Politica

Governo Meloni: quale ruolo per Salvini? Il sentiero stretto della Lega

di Vincenzo Caccioppoli

Fervono le trattative per la formazione del nuovo Esecutivo. Il piano per il rilancio del Carroccio nei consensi

Salvini vuole tornare al Viminale, ma per rilanciare i consensi alla Lega potrebbe accettare una soluzione diversa
 

Erano davvero tese le facce degli esponenti leghisti che entravano alla chetichella al consiglio federale, convocato dal segretario Salvini ieri pomeriggio (mercoledì 4 ottobre) a Roma, per parlare di governo, nomine, cariche e potenziali ministri e probabilmente non solo di quello. E non poteva essere altrimenti, dal momento che il partito attraversa una delle sue più delicate fasi, forse quella più delicata da quando, nel 2013 ha assunto la carica di segretario, Matteo Salvini (poi riconfermato con un plebiscito nel 2017).

“Ma è proprio nei momenti difficili come questo, che un partito come la Lega, ha saputo sempre ricompattarsi e ripartire più forte di prima, sia nel momento del lungo regno di Bossi e sia in questi quasi dieci anni di leadership salviniana” ha detto un senatore molto vicino a Salvini all’uscita dal consiglio.

Tutti i maggiorenti del partito, malgrado le tante illazioni che vengono fatte, sembrano ancora ben compatti e coesi intorno al segretario, certo pur con alcune legittime critiche che vengono poste al segretario e alla sua politica in questi ultimi due anni. Ma alla fine tutti si ricompattano e restano fedeli al proprio leader, e non potrebbe essere altrimenti, sia perché i tempi per un eventuale congresso sono lunghi ed adesso con la formazione del governo alle porte sarebbe un gesto suicida, e sia perché all’orizzonte non si vede davvero chi possa sostituire l’attuale segretario in un ruolo così difficile e scomodo.

Anche perché malgrado ora sembra che Salvini sia nel mirino di tutti, occorre sottolineare come sia stata sua la felice intuizione di staccare la Lega dai suoi territori storici del nord, per provare ad espandersi anche in zone, come il sud o la Toscana, in cui la Lega raccoglieva percentuali da prefisso telefonico. In pochi anni Salvini è stato in grado di trasformare un partito, prettamente localistico e territoriale, in un grande partito nazionale, capace di superare il 34% dei consensi alle europee del 2019. Ma è proprio guardando a quell’incredibile exploit, che Salvini e la Lega stanno pensando a come uscire dalle secche di una situazione così complicata, come quella uscita fuori dalle urne del 25 settembre scorso.

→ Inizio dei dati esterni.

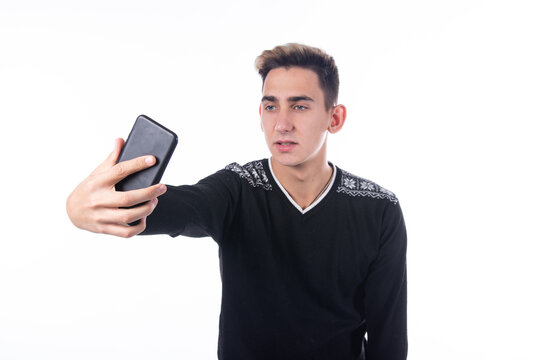 Nice guy takes a selfie. Typing sms and talking on the phone.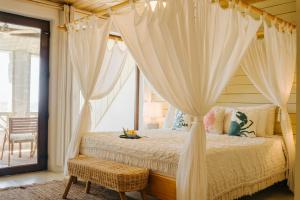 Letto o letti in una camera di Tranquilseas Eco Lodge & Dive Center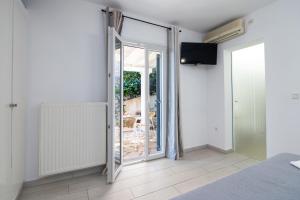 a bedroom with a sliding glass door to a balcony at Kiki's Apartments in Barbati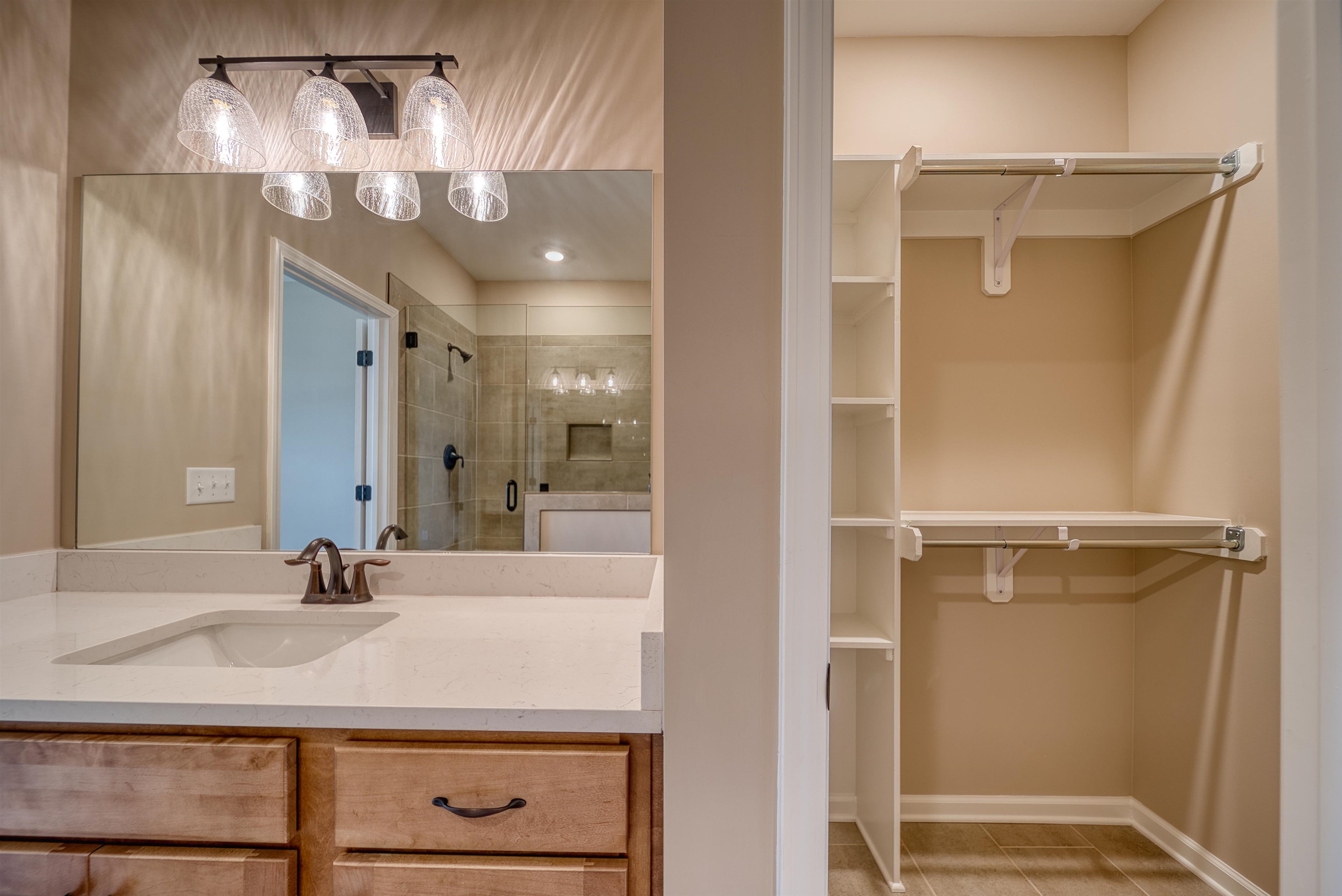 170 Como Lane Atoka, TN 38004 - Photo 13 of 40 Full bathroom with a walk in closet, a stall shower, and vanity
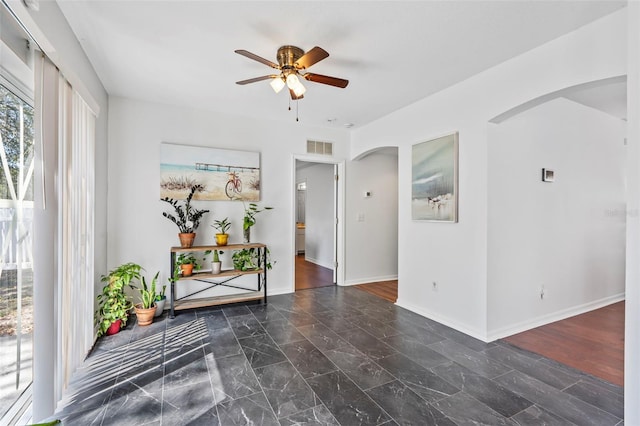 foyer featuring arched walkways, visible vents, baseboards, and ceiling fan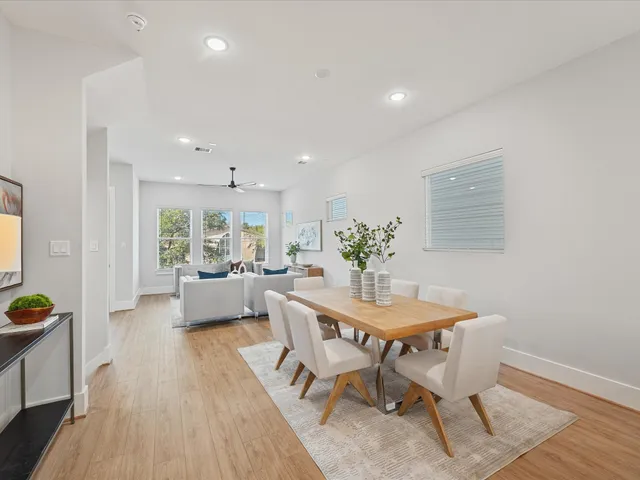 a view of a dining room with furniture and wooden floor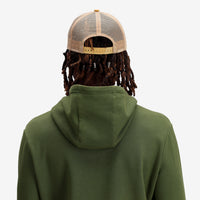 General shot Topo Designs Trucker Hat with mesh back and original logo patch in "Khaki".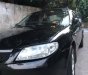 Mazda 323 2004 - Gia đình bán Mazda 323 2004, màu đen, 150tr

Quel risultato, probabilmente irripetibile nei numeri, fu il risultato del duro lavoro sul campo del leader e arrivò dopo 11 mesi di governo con i Cinque Stelle, che evidentemente hanno soddisfatto l’elettorato. Perchè in quei mesi l’operato di Salvini al Viminale ha certamente, piaccia o no, ottenuto indiscutibili risultati, sul fronte del blocco degli sbarchi di immigrati, oppure la messa in atto dei decreti sicurezza (poi cancellati dal Conte 2), che da sempre rimane un tema carissimo alla Lega e alla sua base elettorale. Ma anche misure economiche, come la riforma pensionistica di quota 100, o le politiche sul turismo, portate avanti da un altro dei fedelissimi di Salvini, Gian Marco Centinaio, sono state sicuramente il carburante per l’exploit leghista alle europee.

Questo perché, di fronte al populismo e qualunquismo dei Cinque Stelle (come non ricordare l’esultanza di Di Maio & Co dal balcone di Palazzo Chigi o il viaggio sempre di Di Maio a Parigi con i gilet gialli?), che non a caso invece persero la metà dei consensi ottenuti alle politiche del 2018, la Lega era apparsa come la forza di governo più credibile e che tutto sommato aveva mostrato di rispettare, almeno in parte, gli impegni presi in campagna elettorale, e di essere diventato un partito del fare che anche una volta al potere non aveva perso il contatto con la realtà e i suoi problemi.

Non è un caso che i guai della Lega, siano cominciati quando il leader Salvini ha deciso di staccare la spina al governo (decisione che anche lì aveva il favore della grandissima maggioranza degli esponenti leghisti, Giorgetti in testa) gialloverde, per avvitarsi nella gestione di una crisi, che a molti è sembrata a tratti nevrotica (Il discorso di Conte al Senato, seguitissimo in diretta tv, è sembrato come il rimprovero di un maestro all'allievo indisciplinato) con un continuo tira e molla su come procedere, e dando il fianco alle interpretazioni più disparate come quella che Salvini si fosse pentito del gesto commesso e fosse disposto a tutto pur di tornare al governo.